Leave the pictures out and write out the rest of the listing word for word.

_Information shown:_
-- Opening Marker --
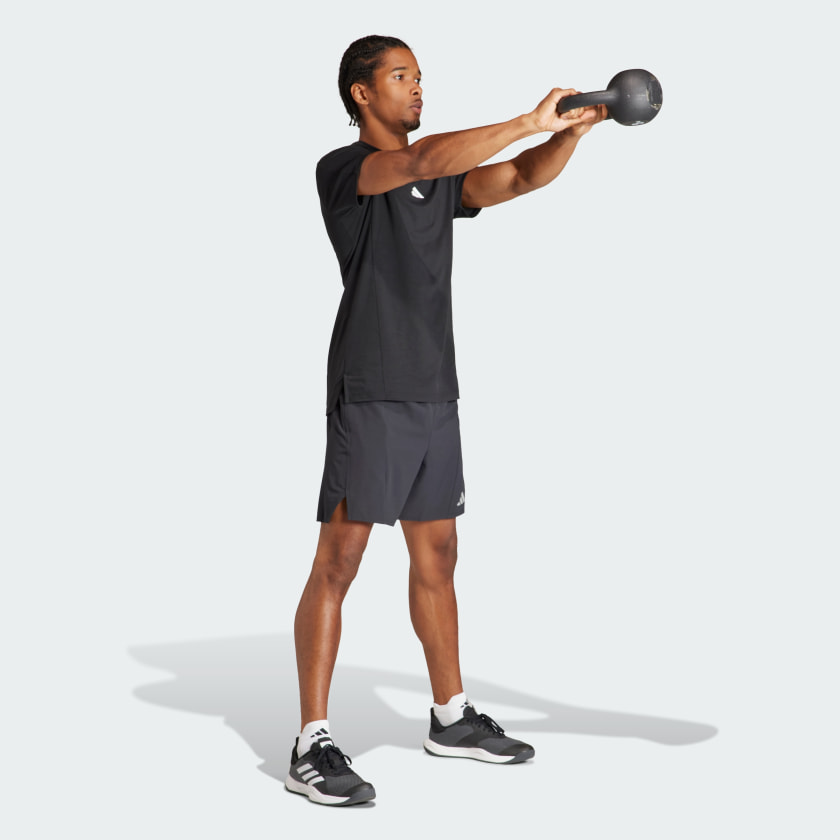 adidas men Designed for Training HIIT Workout HEAT.RDY Shorts - Picture 9 of 30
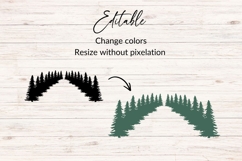 Forest Road Trees SVG Product Image 2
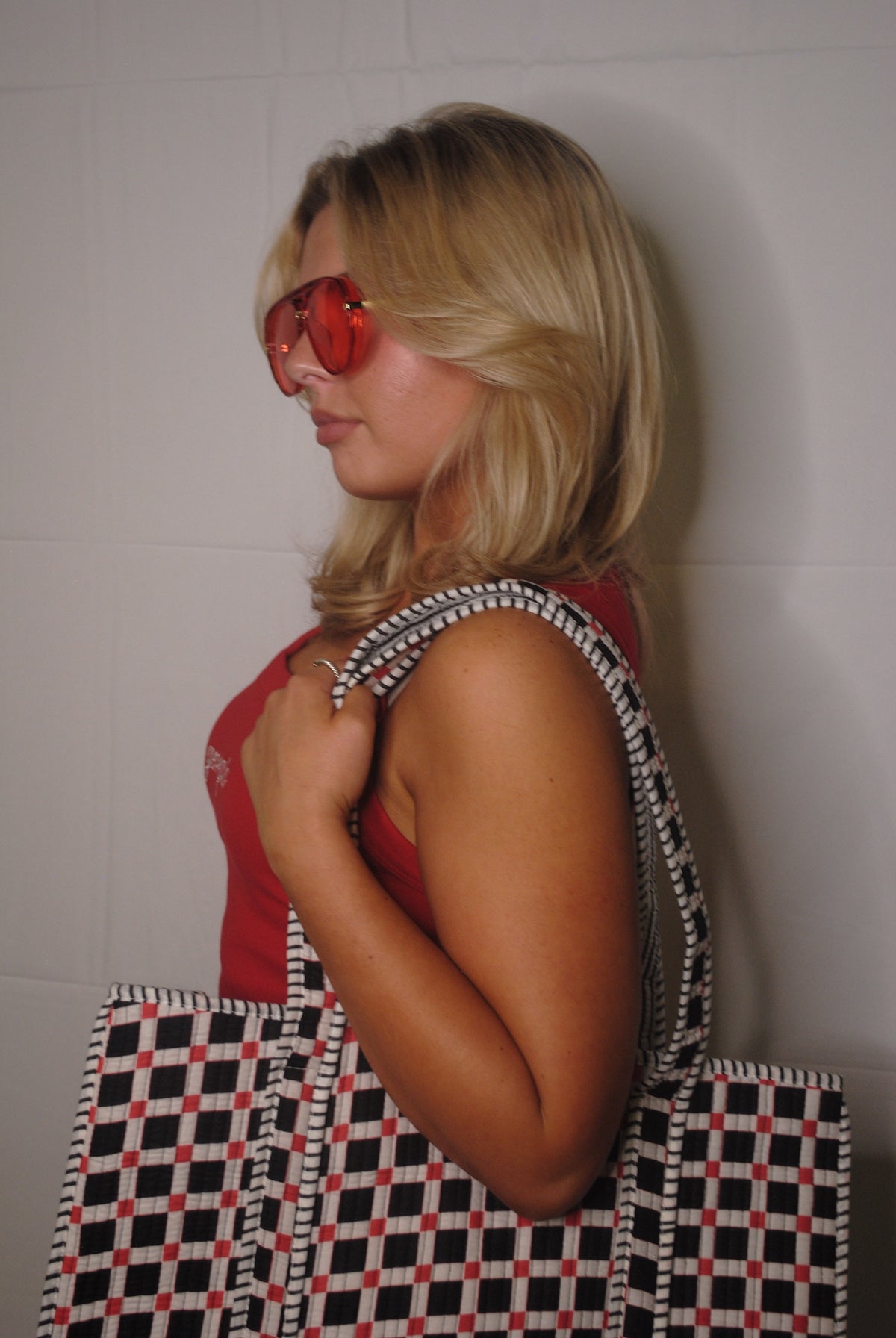 "THE SATURDAY SOCIAL" Large Tote Bag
-- Closing Marker --
_Your solution:_
 adidas men Designed for Training HIIT Workout HEAT.RDY Shorts - Picture 9 of 30
 Forest Road Trees SVG Product Image 2
 "THE SATURDAY SOCIAL" Large Tote Bag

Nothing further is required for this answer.